Terremoto, imprenditori senza azienda. "Ma non ce ne andiamo"
In mezzo al caos del post sisma ci sono anche imprese che resistono di fronte agli stabilimenti danneggiati e alla produzione bloccata. Idea ceramica: "Mettiamo in sicurezza tutto e ripartiamo presto. La nostra vita è qua"
Renzo Vacondio ci attende seduto sulla sua scrivania. Girato verso il computer col caschetto anti-infortunistico sulla testa sembra Salvador Allende con elmetto e mitra asserragliato alla Moneda intento ad affrontare i golpisti. Anche se per Renzo, l’imprenditore in elmetto, il nemico suo, e della sua fabbrica, è il terremoto. Lui, amministratore delegato della Idea ceramica di Finale Emilia, 140 dipendenti, lo affronta a viso aperto. Del resto il suo stabilimento ha tenuto. “Il lavoro deve andare avanti. Ora stiamo mettendo in sicurezza le parti dello stabilimento lesionate e nel frattempo facciamo le consegne delle piastrelle che erano pronte. Tre-quattro settimane e contiamo di riprendere la produzione. Aspettare cinque mesi vuole dire non ripartire più, parliamoci chiaro”.
Delocalizzare all’estero o in altre parti? “Una cagata – esclama Vacondio – conviene stare qua. Invece di portare via le fabbriche, perché non impariamo a costruire per reggere scosse ancora più grosse delle ultime? Magari l’antisismico potrebbe diventare un settore d’avanguardia italiano”. Sempre a pensare al lavoro questi emiliani.

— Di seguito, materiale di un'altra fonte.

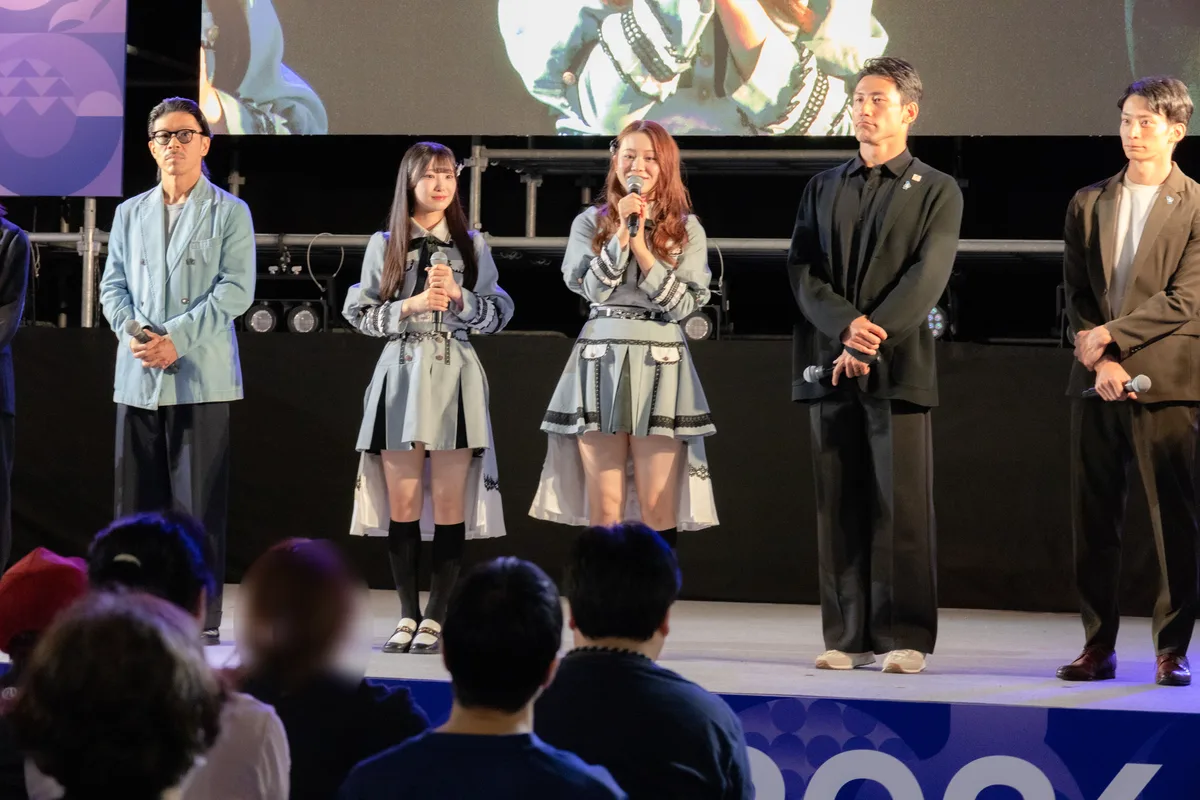 ONE HEART WORLDのオープニングトークショーでマイクを持って話すSKE48の松本慈子さん。隣に倉島杏実さん、松本利夫さん、塚原直貴さん、入江陵介さん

Ora ci sono al lavoro solo impiegati, addetti alle consegne e operai di altre ditte che stanno controllando la condizione delle strutture. Dentro lo stabilimento ci si passa il meno possibile, almeno per ora. “Se un imprenditore aveva il capannone instabile e ci ha fatto entrare della gente – dice Vacondio riferendosi agli operai morti nelle due scosse – questa è una sua responsabilità. Un ingegnere ci pensa bene prima di dare il suo assenso per l’idoneità statica”.